The form of this species with dark gray basal and distal wing, or with a very dark median line, are easily identified by this feature in combination with the gray-tan ground color and small size. The unmarked form is similar to Homorthodes communis, a more common and widespread moth in our area. Homorthodes fractura is the grayer of the two west of the mountains and often has a pink tint, whereas H. communis is orange. Homorthodes communis lacks red-brown in the reniform spot and has lighter gray lines with less prominent teeth, especially on the antemedial line. Males of these species can be differentiated by the shapes of the distal valves, visible under magnification after removing the scales from them with a small brush. Both are bent ventrad distally. Homorthodes fractura has a "knobby" bend and a wide neck at the base of the cuculllus, while H. communis has a smooth bend and a narrow neck.

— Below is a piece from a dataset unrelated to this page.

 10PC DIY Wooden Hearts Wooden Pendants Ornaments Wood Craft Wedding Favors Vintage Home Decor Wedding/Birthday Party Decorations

This species is mostly limited to coastal rainforests and mixed hardwood forests at low to middle elevations west of the Cascades.  It is common to abundant in this restricted habitat. It is uncommon in dry forests east of the mountains.


Pacific Northwest

The range of H. fractura is predominantly west of the Cascade and Coast Mountains as far north as south-western British Columbia. It is rare south of west-central Oregon. A few records exist for the  east slope of the Cascades in Washington and east of the Coast Range in west-central British Columbia.


This is a West Coast species that occurs south to Baja California. Isolated records are shown for Arizona and southwestern New Mexico on the Moth Photographers Group site.

Life History


No information is presently available regarding larval foodplants of this species, but it probably feeds on hardwoods such as alders (Alnus spp.) in the Betulaceae based upon closely related species.


The adults of H. fractura appear in the late spring at the earliest and have been collected to early September. They are most commonly found in July, a few weeks earlier than H. communis.